The task calls for the lines from the start of the entries below through the line with "图片[4] - MisswarmJ", given again verbatim, with every picture dropped.

Short descriptive text snippets:
•••

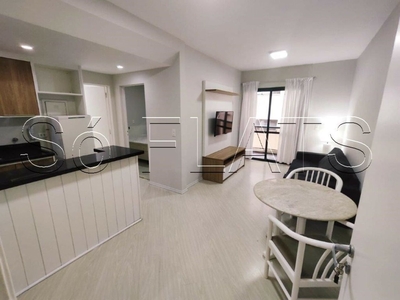 Apartamento em Cerqueira César, São Paulo/SP de 44m² 3 quartos à venda por R$ 599.000,00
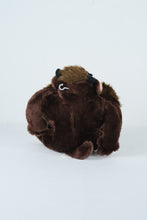 Load image into Gallery viewer, Vintage 1971 Warner Bros. Taz Plush by Mighty Star – Looney Tunes Tasmanian Devil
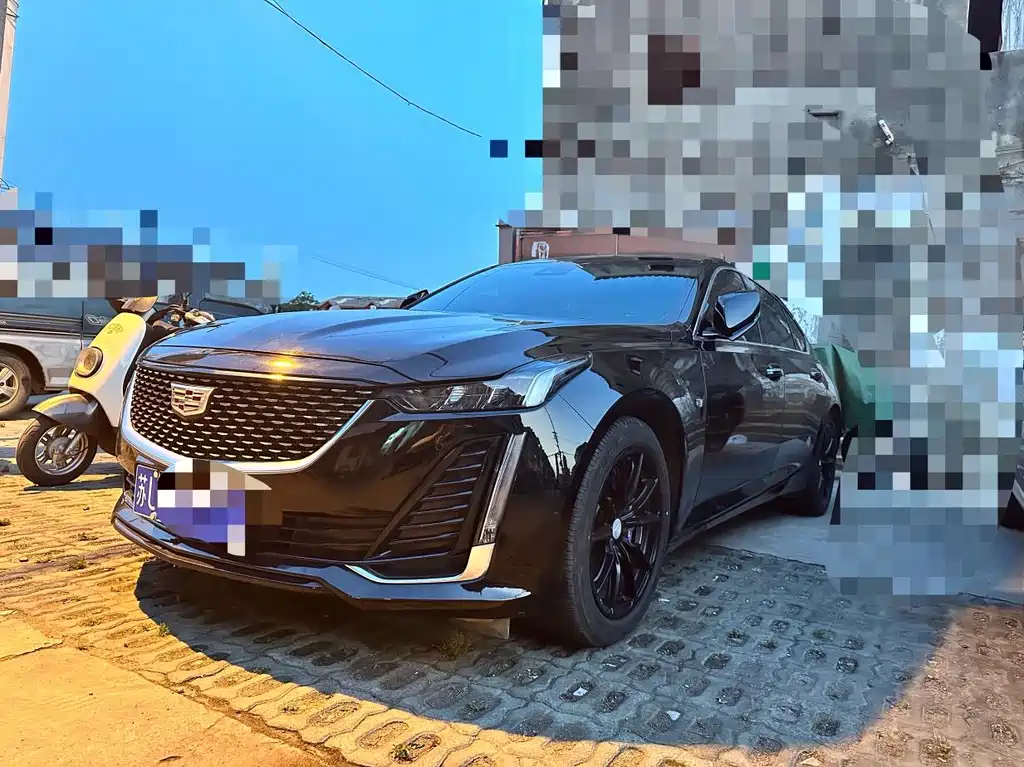 Cadillac CT5 2022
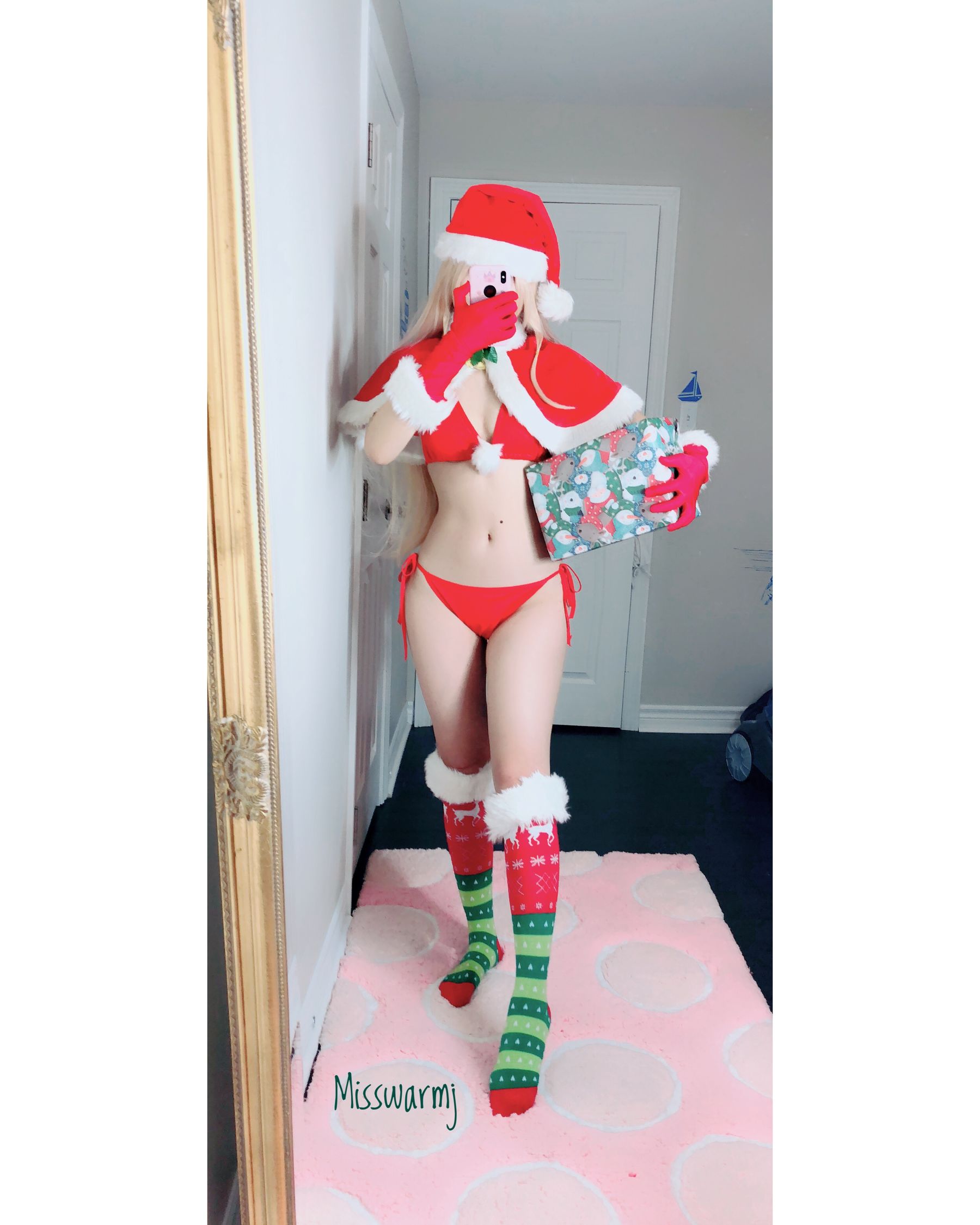 图片[4] - MisswarmJ - Umaru Iphone [9P] - 机器猫次元 - 机器猫次元
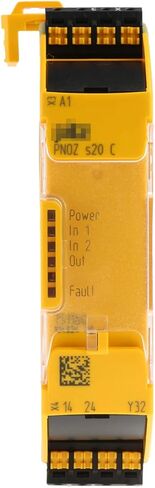 PNOZ s20 751160 Contact Expansion New and Sealed in Box in Saudi Arabia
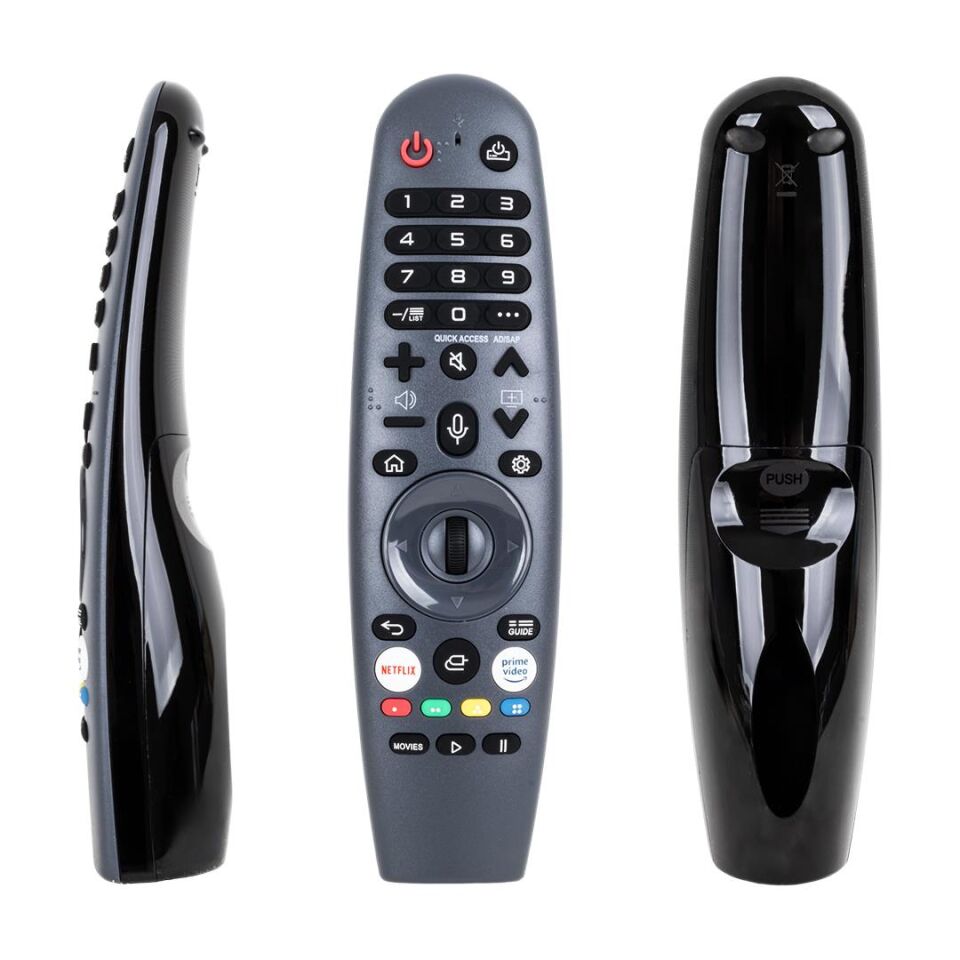 Ayt Weko Kl Onvo Sunny Skytech Lg Uyumlu Televizyon Kumandası Ses Komutlu Smart Tv Kumandası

•••

▸ **TASK OUTPUT**
 Apartamento em Cerqueira César, São Paulo/SP de 44m² 3 quartos à venda por R$ 599.000,00
 Load image into Gallery viewer, Vintage 1971 Warner Bros. Taz Plush by Mighty Star – Looney Tunes Tasmanian Devil
 Cadillac CT5 2022
 图片[4] - MisswarmJ - Umaru Iphone [9P] - 机器猫次元 - 机器猫次元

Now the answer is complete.